Here we pass `:useSSL false` to `jdbc-url` so that it ends up in the
connection string, but pass `:username` and `:password` for the pool itself.

> Note: both HikariCP and c3p0 defer validation of the settings until a connection is requested. If you want to ensure that your datasource is set up correctly, and the database is reachable, when you first create the connection pool, you will need to call `jdbc/get-connection` on it (and then close that connection and return it to the pool). This will also ensure that the pool is fully initialized.

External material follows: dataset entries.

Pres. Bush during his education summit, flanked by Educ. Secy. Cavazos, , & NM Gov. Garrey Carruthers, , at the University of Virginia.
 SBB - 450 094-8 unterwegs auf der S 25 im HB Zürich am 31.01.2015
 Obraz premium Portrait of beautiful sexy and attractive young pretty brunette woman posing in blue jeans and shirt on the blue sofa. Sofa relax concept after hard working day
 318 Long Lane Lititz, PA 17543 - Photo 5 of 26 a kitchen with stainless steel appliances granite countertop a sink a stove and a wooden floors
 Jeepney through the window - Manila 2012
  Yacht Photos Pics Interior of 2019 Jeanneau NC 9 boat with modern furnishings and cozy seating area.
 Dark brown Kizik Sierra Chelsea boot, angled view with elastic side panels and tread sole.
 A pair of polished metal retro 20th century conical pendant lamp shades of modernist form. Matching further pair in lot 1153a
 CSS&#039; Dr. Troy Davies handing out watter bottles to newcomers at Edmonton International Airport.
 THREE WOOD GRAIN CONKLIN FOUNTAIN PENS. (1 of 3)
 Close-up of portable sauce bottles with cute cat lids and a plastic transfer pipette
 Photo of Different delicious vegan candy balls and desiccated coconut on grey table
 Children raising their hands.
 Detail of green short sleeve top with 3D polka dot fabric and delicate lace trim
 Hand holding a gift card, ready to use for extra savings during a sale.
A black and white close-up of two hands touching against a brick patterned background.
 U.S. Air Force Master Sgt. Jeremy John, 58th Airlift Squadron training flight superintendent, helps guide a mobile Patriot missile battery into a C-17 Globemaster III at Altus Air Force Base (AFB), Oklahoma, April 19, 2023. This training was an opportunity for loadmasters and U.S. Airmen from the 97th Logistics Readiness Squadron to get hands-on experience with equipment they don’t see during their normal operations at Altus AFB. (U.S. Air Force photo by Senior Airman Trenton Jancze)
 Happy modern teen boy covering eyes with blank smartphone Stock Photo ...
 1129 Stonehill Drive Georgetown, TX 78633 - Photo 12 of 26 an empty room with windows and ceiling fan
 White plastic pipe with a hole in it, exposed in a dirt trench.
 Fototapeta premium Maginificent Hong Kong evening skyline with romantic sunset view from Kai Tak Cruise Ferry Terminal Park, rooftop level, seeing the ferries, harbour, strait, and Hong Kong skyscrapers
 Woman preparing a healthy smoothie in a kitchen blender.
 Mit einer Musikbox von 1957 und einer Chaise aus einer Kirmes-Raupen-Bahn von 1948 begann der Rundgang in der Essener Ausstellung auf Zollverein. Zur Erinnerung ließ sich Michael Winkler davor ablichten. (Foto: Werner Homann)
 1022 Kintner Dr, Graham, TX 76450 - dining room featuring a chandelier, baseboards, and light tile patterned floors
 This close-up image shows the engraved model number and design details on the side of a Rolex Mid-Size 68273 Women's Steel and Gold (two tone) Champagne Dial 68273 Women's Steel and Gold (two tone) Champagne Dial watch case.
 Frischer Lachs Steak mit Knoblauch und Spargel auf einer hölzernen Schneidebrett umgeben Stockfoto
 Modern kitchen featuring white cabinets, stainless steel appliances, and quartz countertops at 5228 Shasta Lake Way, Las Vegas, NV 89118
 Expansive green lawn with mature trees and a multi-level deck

See the examples below.

Some important notes regarding HikariCP:

* Authentication credentials must use `:username` (if you are using c3p0 or regular, non-pooled, connections, then the db-spec hash map must contain `:user`).
* When using `:dbtype "jtds"`, you must specify `:connectionTestQuery "SELECT 1"` (or some other query to verify the health of a connection) because the jTDS JDBC driver does not implement `.isValid()` so HikariCP requires a specific test query instead (c3p0 does not rely on this method so it works with jTDS without needing `:preferredTestQuery`).
* When using PostgreSQL, and trying to set a default `:schema` via HikariCP, you will need to specify `:connectionInitSql "COMMIT;"` until [this HikariCP issue](https://github.com/brettwooldridge/HikariCP/issues/1369) is addressed.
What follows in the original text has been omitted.